Latinas are a growing economic force in the country. The MAHCC values the substantial and unique contributions Latina businesswomen make to the economy, and it formally recognizes Latina entrepreneurship and achievement through the popular Latinas in Business Awards Luncheon.
A 2015 government study reported that one in five females in the U.S. are Latinas. They comprise the nation's largest ethnic minority. Twenty-five percent of females in public schools are Latina, and more are college educated than ever before. Latina numbers will continue to grow. By 2030, one-third of the female population in the U.S. will be Latina.
Latinas own more than 1 million businesses in the U.S. and of all U.S. women-owned businesses, one in ten are owned by a Latina. Their growth was more than double the growth of women-owned business between 1997-2014. In 2014, businesses owned by Latinas employed over 400,000 individuals and they poured in over $71 billion to the nation's economy.
A business model popular among Latinas is the "non-employer" business. With low barriers to entry and high flexibility, it comprises 93% of Latina businesses. Entrepreneurs utilizing this model include real estate agents, salespeople, independent contractors, and others who run businesses from their homes.
While underrepresented in the professions, Latinas are making progress. Latinas comprise 6.7% of female lawyers and 7.5% of female physicians (the latter is the greatest growth of any other group of women between
In all managerial professions, women were underrepresented at 38%. But Latinas grew from 6.3% to 9.5% in the time period 2004-2014 (a 30% increase) which was a larger advance than any other female group.
Women, as a whole, continue to be underrepresented in the C-suite, the top of the managerial ladder. In 2014, only 4.3% of female CEOs were Latinas. Latinas' upward advance to the top eschelons has been stalled since 2007 at less than 1% of boardroom seats at Fortune 500 companies.
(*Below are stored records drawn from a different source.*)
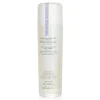 The Essence - Plumping Skin Softener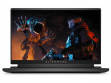 Dell M15 R5 (ICC-C780002WIN8)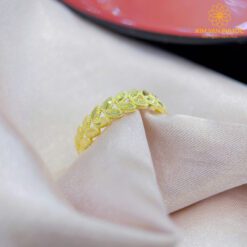 z7246509963113_08cf24559bd09ca27e83f4f672675980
Because the top positions are typically filled from within, Latinas will find their best chances are to begin early on to find their way into professional occupations.
Meanwhile, Latinas' presence in the small business arena are where they continue to excel, and that's good for the nation because small business is the life blood of our nation's economy.
Source: Fulfilling America's Future: Latinas in the U.S., 2015 by Patricia Gandara, Professor of Education, UCLA and Co-Director, The Civil Rights Project and The White House Initiative on Educational Excellence for Hispanics.